AUA 2022: Late-Breaking Plenary Highlights

By Akhil Abraham Saji, MD - July 27, 2022

At the American Urological Association (AUA) 2022 meeting in New Orleans, the Friday plenary session highlighted 3 key late-breaking abstracts that warrant awareness by all practicing clinicians treating patients with urologic malignancy.

nMIBC Treatments

The first abstract, entitled “IL-15RαFc superagonist N-803 with BCG in BCG unresponsive non-muscle invasive bladder cancer (nMIBC) CIS and papillary cohorts,”1 was presented by Karim Chamie, MD, associate professor of urology at UCLA. Dr. Chamie explained that the current standard of care for high-risk patients with nMIBC is bacillus Calmette-Guérin (BCG), due to its ability to induce trained immunity of T cells and natural killer (NK) cells. Anktiva (N-803 compound; ImmunityBio) is a superagonist complex2 composed of an interleulin-15 (IL-15)-like peptide and a fusion protein, allowing for stimulation of activation of T cells and NK cells. Dr. Chamie explained that the concept explored in the QUILT 3032 trial was to identify if addition of N-803 to BCG in patients with BCG-unresponsive disease would result in improved results.

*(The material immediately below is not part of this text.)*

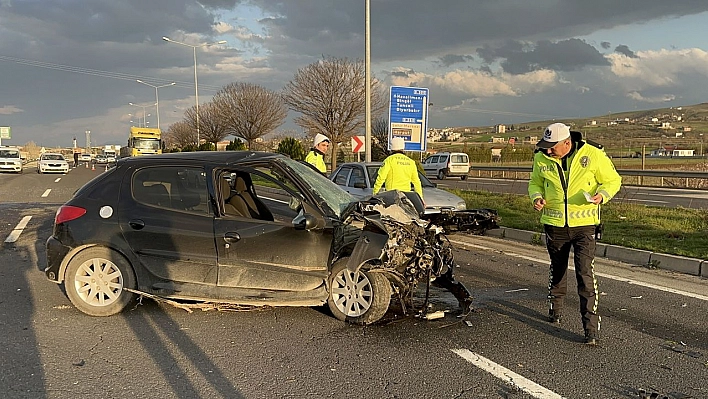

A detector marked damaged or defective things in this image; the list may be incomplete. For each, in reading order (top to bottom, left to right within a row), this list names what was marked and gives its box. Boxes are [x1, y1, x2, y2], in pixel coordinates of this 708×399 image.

severely damaged car [45, 152, 498, 324]
second damaged vehicle [45, 152, 498, 324]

The trial enrolled patients with histologically confirmed disease recurrence after BCG therapy and stratified patients into carcinoma in situ (CIS) and papillary cohorts. According to Dr. Chamie, BCG unresponsive disease was defined as persistent or recurrent CIS with or without Ta/T1 disease within 12 months of BCG therapy. The patients enrolled in the trial received BCG 50 mg plus N-803 compound intravesically instilled weekly for 6 weeks. The investigators sought to identify several parameters, including safety of the compound as well as a primary endpoint of complete response (CR) and secondary endpoints of duration of complete response, time to cystectomy, and cystectomy avoidance.

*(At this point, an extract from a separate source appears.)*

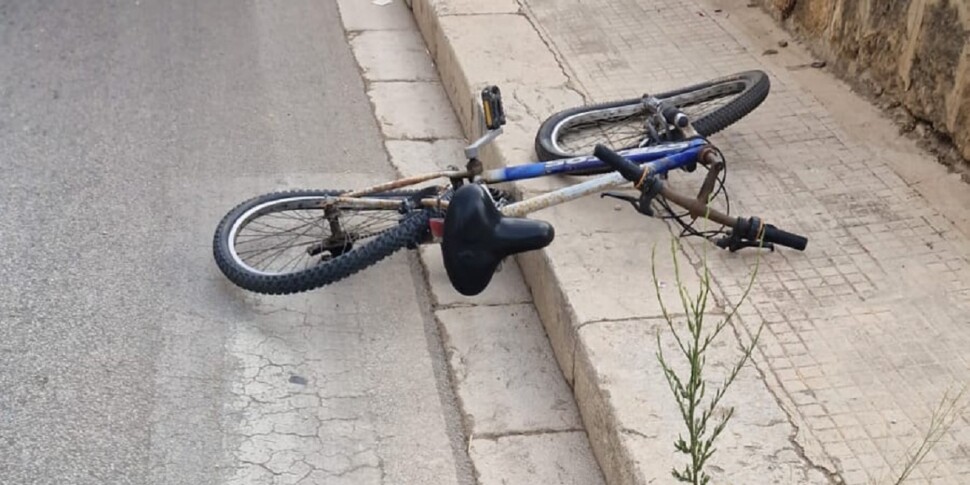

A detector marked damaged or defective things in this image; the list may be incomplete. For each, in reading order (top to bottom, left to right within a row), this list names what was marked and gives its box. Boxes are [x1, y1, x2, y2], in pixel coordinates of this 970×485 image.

cracked asphalt road [0, 0, 468, 484]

Dr. Chamie explained that the mean age of all patients was approximately 72 years of age, with the majority (>70%) of patients being male and with good performance status. In reviewing the safety outcomes, Dr. Chamie explained that overall, N-803 was very well tolerated, with only 1% of the patient population experiencing treatment-related adverse events (AEs). The majority of AEs were low-grade issues such as dysuria, and no patients were found to have elevated systemic IL-15 levels, noted Dr. Chamie.

The clinical results of the trial were promising. For cohort A (patients with CIS), Dr. Chamie explained that 71% of patients experienced a CR, with a median CR duration of 24.1 months. Furthermore, patients who experienced therapeutic response had a lower cystectomy rate than those who did not (7% vs 15%). Most patients experienced progression-free survival (PFS) of 91% at 24 months. Even more impressively, Dr. Chamie presented a forest plot demonstrating that the improvement in response was sustained throughout all subgroup analyses (ie, age, race, gender).

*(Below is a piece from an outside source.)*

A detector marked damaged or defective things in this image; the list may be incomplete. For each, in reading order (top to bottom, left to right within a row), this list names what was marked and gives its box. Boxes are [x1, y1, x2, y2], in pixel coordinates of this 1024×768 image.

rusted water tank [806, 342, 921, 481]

For cohort B (patients with papillary recurrence), Dr. Chamie explained that investigators focused on disease-free survival (DFS) because these patients mostly had transurethral resections for definitive therapy. A median DFS was 23.6 months, with a DFS rate of 57% at 12 months and 48% at 24 months. Most patients (73 of 77) were spared radical cystectomy. Dr. Chamie concluded by reiterating that the outcomes of this trial were favorable, with 100% and 98% rates overall survival at 2 years for both the CIS and papillary cohorts, respectively.

SPOTLIGHT Study Phase 3

The second abstract highlighted was “Impact of 18F-rhPSMA-7.3 PET on upstaging of patients with prostate cancer recurrence: results from the prospective, phase 3 multicenter SPOTLIGHT study,”3 which was presented by Mark Fleming, MD, of Virginia Oncology Associates.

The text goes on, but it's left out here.